For the word "wooden", return each line of the data in which it occurs.
[Data extract — start]
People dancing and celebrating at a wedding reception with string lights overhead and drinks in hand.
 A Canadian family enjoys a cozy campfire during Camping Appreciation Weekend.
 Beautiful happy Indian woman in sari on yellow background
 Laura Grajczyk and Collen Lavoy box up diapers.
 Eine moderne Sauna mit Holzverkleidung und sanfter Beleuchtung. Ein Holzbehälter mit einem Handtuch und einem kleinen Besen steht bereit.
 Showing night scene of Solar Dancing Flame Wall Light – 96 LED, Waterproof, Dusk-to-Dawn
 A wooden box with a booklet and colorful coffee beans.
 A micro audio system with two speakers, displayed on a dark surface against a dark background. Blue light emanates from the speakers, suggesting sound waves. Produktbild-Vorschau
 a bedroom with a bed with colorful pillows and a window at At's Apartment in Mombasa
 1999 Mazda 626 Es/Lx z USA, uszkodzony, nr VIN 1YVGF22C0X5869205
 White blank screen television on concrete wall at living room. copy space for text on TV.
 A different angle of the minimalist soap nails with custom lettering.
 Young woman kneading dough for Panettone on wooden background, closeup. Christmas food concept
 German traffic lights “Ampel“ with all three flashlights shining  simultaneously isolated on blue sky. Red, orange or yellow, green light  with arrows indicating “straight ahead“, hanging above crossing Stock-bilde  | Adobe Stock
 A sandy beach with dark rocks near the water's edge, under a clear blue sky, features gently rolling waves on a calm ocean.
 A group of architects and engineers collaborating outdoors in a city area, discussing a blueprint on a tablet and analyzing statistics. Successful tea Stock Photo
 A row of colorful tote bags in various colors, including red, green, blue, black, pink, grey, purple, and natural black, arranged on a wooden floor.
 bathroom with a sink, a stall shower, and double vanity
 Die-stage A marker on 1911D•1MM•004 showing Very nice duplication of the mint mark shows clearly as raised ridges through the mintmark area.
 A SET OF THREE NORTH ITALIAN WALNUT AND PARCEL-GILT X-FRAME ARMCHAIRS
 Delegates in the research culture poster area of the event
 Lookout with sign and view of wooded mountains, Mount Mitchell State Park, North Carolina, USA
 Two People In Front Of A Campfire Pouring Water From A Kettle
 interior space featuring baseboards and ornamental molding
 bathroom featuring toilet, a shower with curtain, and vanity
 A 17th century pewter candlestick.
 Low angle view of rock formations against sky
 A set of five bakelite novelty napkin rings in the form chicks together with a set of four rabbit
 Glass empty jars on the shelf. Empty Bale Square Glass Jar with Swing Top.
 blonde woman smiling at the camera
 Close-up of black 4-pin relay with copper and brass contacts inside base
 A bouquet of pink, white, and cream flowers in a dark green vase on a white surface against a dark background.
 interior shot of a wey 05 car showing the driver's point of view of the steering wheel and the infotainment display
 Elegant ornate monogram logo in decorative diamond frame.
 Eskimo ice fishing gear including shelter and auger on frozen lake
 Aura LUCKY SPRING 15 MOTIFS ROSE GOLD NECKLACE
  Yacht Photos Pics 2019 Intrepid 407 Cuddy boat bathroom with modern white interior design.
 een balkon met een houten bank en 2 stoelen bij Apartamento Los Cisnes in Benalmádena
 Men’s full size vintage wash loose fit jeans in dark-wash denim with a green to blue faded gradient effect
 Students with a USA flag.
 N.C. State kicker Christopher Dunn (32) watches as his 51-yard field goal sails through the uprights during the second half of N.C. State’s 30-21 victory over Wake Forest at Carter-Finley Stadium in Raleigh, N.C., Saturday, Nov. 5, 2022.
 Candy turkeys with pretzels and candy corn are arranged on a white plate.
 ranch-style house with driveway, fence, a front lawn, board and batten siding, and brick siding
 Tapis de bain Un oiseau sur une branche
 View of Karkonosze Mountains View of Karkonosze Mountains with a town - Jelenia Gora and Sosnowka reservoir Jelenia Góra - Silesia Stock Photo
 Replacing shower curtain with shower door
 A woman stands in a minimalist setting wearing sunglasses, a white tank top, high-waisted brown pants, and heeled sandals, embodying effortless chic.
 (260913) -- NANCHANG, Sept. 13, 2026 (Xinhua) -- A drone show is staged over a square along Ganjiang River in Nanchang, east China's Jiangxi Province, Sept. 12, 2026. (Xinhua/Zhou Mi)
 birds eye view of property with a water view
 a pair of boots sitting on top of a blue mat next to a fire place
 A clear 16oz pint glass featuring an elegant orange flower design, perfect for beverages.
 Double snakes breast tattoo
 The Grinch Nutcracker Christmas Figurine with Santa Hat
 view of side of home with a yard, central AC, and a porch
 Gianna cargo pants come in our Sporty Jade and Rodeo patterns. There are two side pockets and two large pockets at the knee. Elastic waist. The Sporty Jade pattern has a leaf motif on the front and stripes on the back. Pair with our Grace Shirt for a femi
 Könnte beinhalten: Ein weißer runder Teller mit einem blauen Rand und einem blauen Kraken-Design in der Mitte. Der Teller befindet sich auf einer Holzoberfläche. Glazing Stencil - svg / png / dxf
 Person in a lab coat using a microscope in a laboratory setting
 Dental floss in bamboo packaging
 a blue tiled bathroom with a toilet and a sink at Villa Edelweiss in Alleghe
[Data extract — finish]
* [Response to this task]:
 A wooden box with a booklet and colorful coffee beans.
 Young woman kneading dough for Panettone on wooden background, closeup. Christmas food concept
 A row of colorful tote bags in various colors, including red, green, blue, black, pink, grey, purple, and natural black, arranged on a wooden floor.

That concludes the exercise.